• 31/05/2025 00:00

Despidos bananeros en Bocas del Toro: cantos de sirena y realidades lacerantes

La huelga indefinida en la provincia de Bocas del Toro, protagonizada por miles de trabajadores bananeros, fue respondida por la empresa con una medida tan contundente como controversial: el despido masivo de 4.500 obreros. A partir de ahí, se desató un juego de narrativas donde cada actor —empresa, gobierno y trabajadores— invoca su propia versión de la verdad. Pero mientras unos hablan de “abandono injustificado” y otros de “estabilidad macroeconómica”, sobre el terreno lo que se vive es desempleo, pobreza e indignación.

Desde el lado empresarial, la postura es tajante: la huelga fue ilegal y sus consecuencias —según dicen— justifican los despidos. La empresa alega pérdidas millonarias y se ampara en un fallo judicial que declaró la huelga ilegal. Así, con el respaldo incluso del presidente de la República, cesó a quienes se atrevieron a paralizar sus labores.

Pero la narrativa cambia radicalmente si se observa desde los zapatos de los trabajadores. Para ellos, la huelga fue un acto de defensa legítima, amparado en su derecho constitucional. Es el grito desesperado de quienes ya no pueden más con condiciones laborales precarias. No se trató de un capricho ni de una aventura política. Fue la respuesta a años de abandono institucional y de un modelo económico que no les ha ofrecido más que la subsistencia.

Aquí emerge la contradicción entre legalidad y legitimidad: ¿de qué sirve tener derechos en el papel si ejercerlos conlleva perderlo todo?

Bocas del Toro es una de las provincias más golpeadas por la desigualdad en Panamá. Y no por casualidad. Durante décadas ha sido un enclave de mano de obra barata al servicio de intereses transnacionales. Aunque se presume que el sector bananero genera empleos y aporta al producto interno bruto, la realidad social es otra: más de un tercio de su población vive en pobreza. ¿Qué clase de desarrollo es ese?

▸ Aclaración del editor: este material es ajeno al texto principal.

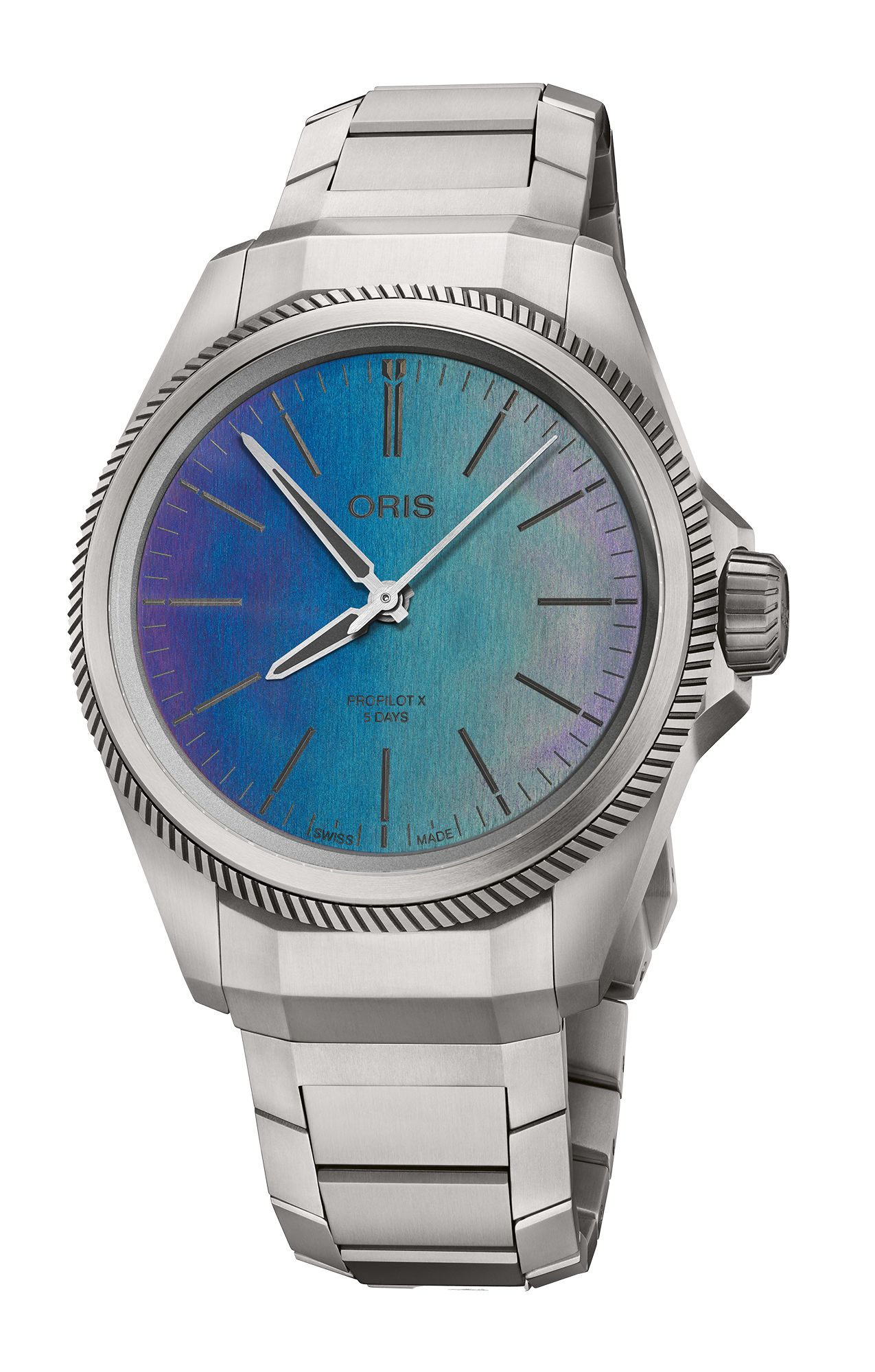 ProPilot X Calibre 400 Laser, 39.00 mm, Multicoloured, Titanium Strap, Titanium screw-in security crown, Multi-piece titanium case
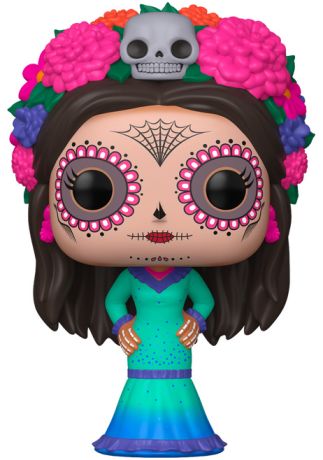 Figurine Funko Pop Dia De Los Muertos #101 La Catrina (Azul)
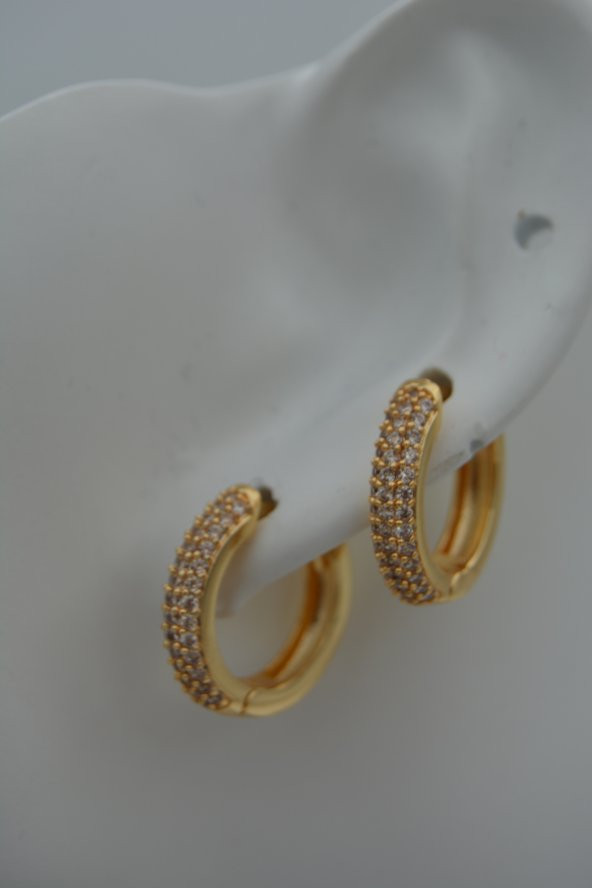 STONEAGE ZİRKON TAŞLI KİLİTLİ KÜPE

La empresa puede alegar que cumple con la ley, pero el impacto real de los despidos masivos es innegable: familias sin ingresos, comercios paralizados, niños que dejarán la escuela y un tejido social aún más frágil. El banano puede exportarse, pero la desesperanza no.

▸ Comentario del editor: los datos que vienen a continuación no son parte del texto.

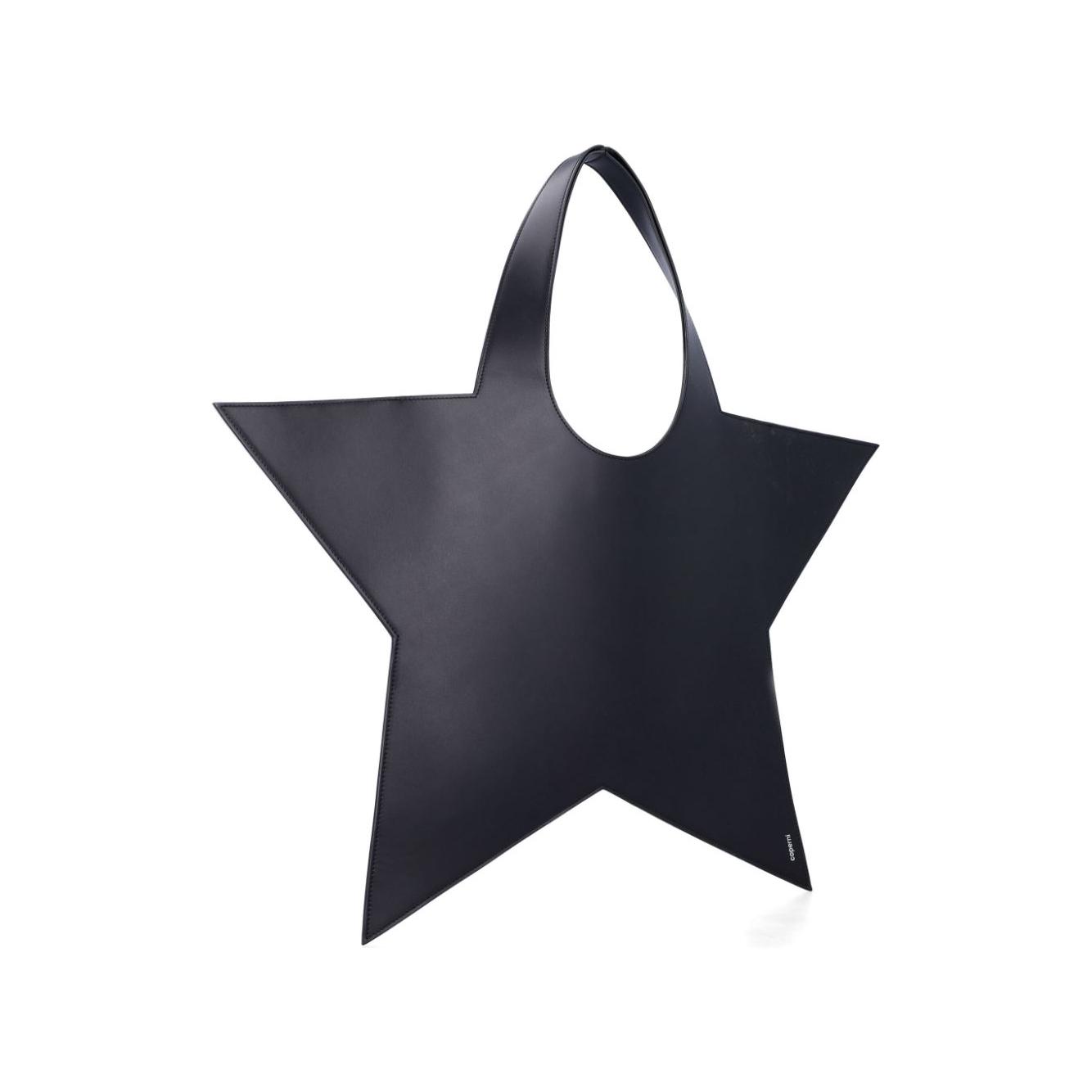 Coperni black leather Star Bag Handbag Coperni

La crisis no ha estado exenta de eufemismos. El gobierno repite que “hay que mantener el orden”, la empresa dice actuar “por el bien de todos”, y los voceros económicos advierten sobre el “riesgo para la estabilidad del país”. Son los típicos cantos de sirena: frases bien entonadas que buscan adormecer la conciencia social.

Al mismo tiempo, emergen las metáforas del poder: el ruido de panderetas que celebran falsas victorias; lobos disfrazados de ovejas que dicen preocuparse por el trabajador mientras lo despiden sin contemplaciones, y aves de mal agüero que anuncian el colapso económico si se le da la razón al obrero. Todo esto forma parte de un espectáculo diseñado para sostener un sistema que, en el fondo, vive de la precariedad ajena.

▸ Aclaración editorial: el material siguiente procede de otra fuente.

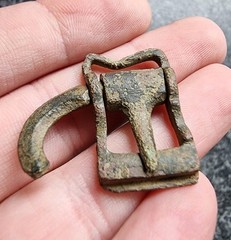 Rare Medieval Locking Buckle Metal Detecting Find Antique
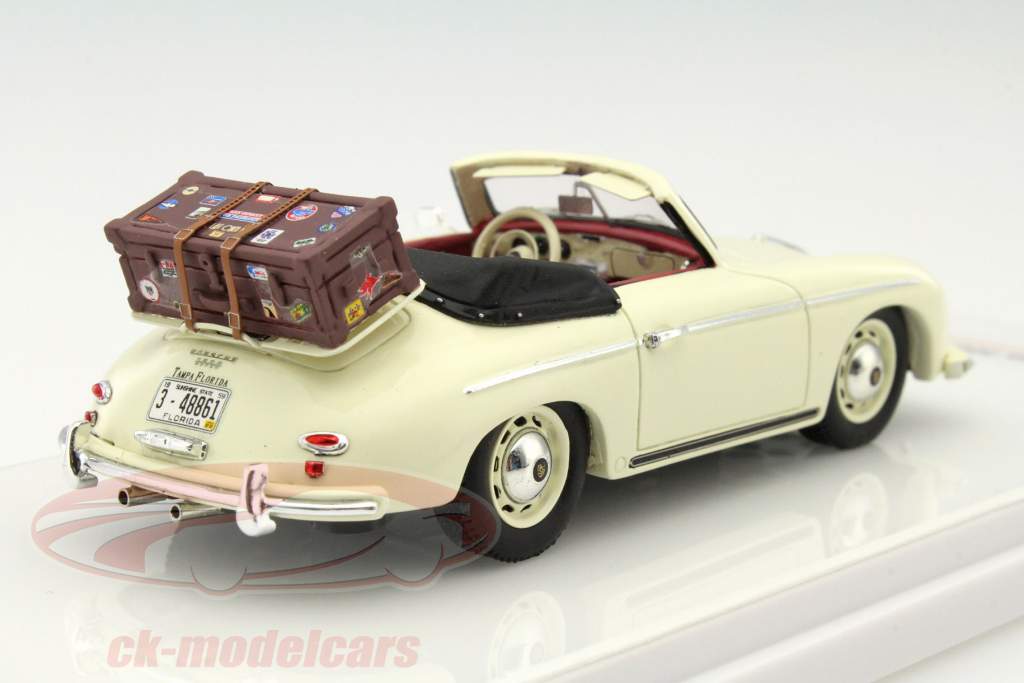 Porsche 356 Cabriolet ivoire 1:43 TrueScale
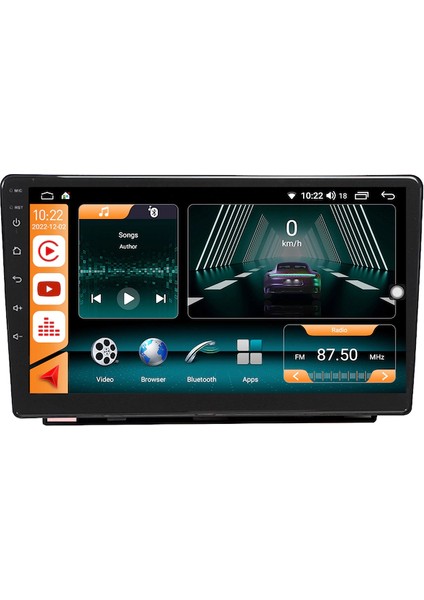 Toyota Auris (2006-2012) Android 12 Carplay Navigasyon Multimedya - 2gb Ram 32GB HDD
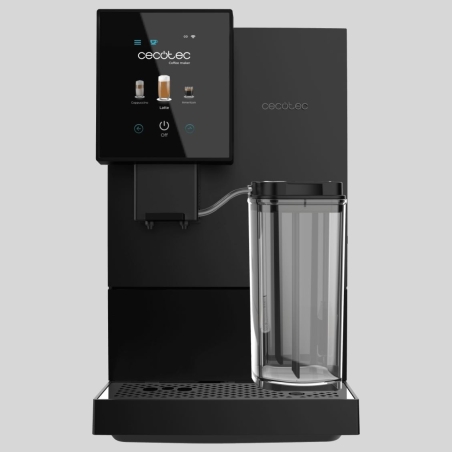 Cecotec Coffee Maker | Cremmaet Compactccino Connected | Pump pressure 19 bar | Built-in milk frother | Super-automatic | Black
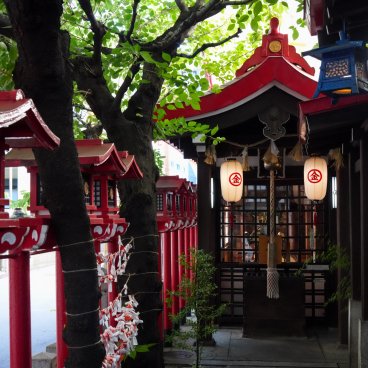 Shike-michi (Nagoya), sanctuaire Konpira-jinja à côté de la Shotengai Endoji 2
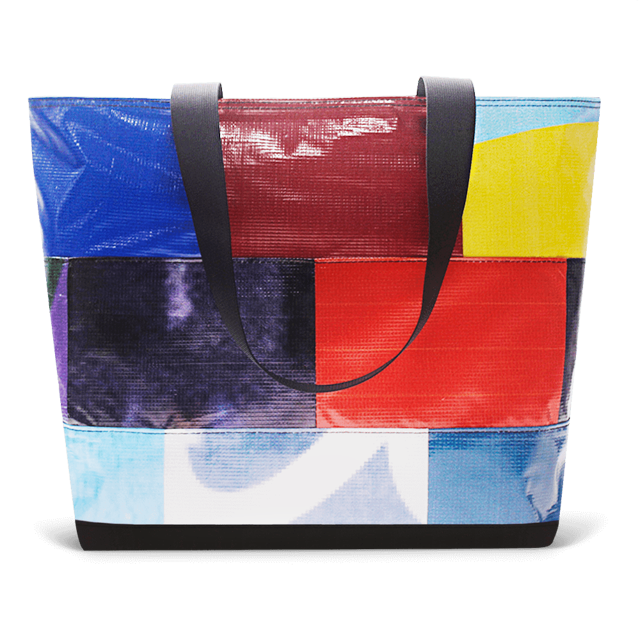 Patchwork Zippered Blake Tote
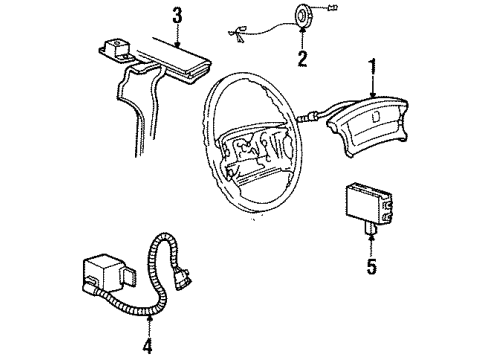 1996 Pontiac Grand Prix Diagnostic Module Diagram for 16221301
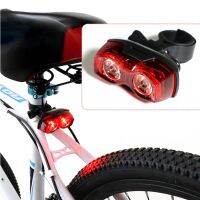 ☸☎ 2 LED 400LM Bicycle Rear Light Bike Light Waterproof AAA Batteries Mtb Taillight Seapost Tail Lamp Bike Accessories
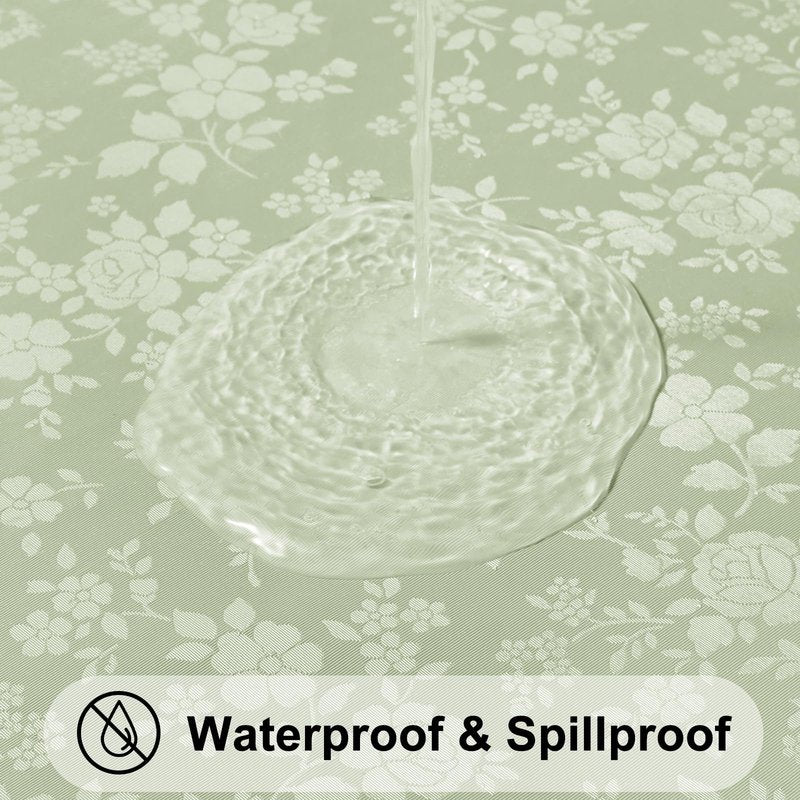 Smiry Rectangle Table Cloth, Waterproof Heavy Duty Vinyl Tablecloths, Wipeable Washable Table Cover for Kitchen and Dining Room (Grass Green, 60" X 120")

Cuando desde el poder se proclama que “la estabilidad económica” no puede ponerse en riesgo, lo que realmente se está protegiendo es el capital, no la vida de los trabajadores. Ninguna cifra macroeconómica puede justificar el sacrificio de miles de familias. Ninguna balanza fiscal compensa el llanto de un hogar sin sustento. Y ninguna promesa de inversión extranjera debería pesar más que la dignidad de un pueblo.

Lo ocurrido en Bocas del Toro es una advertencia nacional. Un espejo que refleja con crudeza nuestras contradicciones como país. No se trata solo de defender el derecho a la huelga o de cuestionar la legalidad de un despido. Se trata de entender que, cuando se atropellan los derechos laborales bajo el pretexto del orden, lo que se está debilitando es el contrato social.

Panamá no puede seguir midiendo su progreso únicamente con cifras. Un país verdaderamente estable es aquel donde la justicia social es una realidad cotidiana, no un eslogan publicitario. Y la justicia social empieza por respetar, proteger y garantizar los derechos de quienes trabajan.

Mientras algunos siguen recitando discursos sobre crecimiento y seguridad jurídica, otros caminan kilómetros buscando un empleo que les devuelva la esperanza. El conflicto bananero ha puesto en evidencia que, en nuestro país, el desarrollo económico todavía convive con la miseria estructural.

Es hora de escuchar menos cantos de sirena y más el clamor de un pueblo que no pide caridad, sino justicia.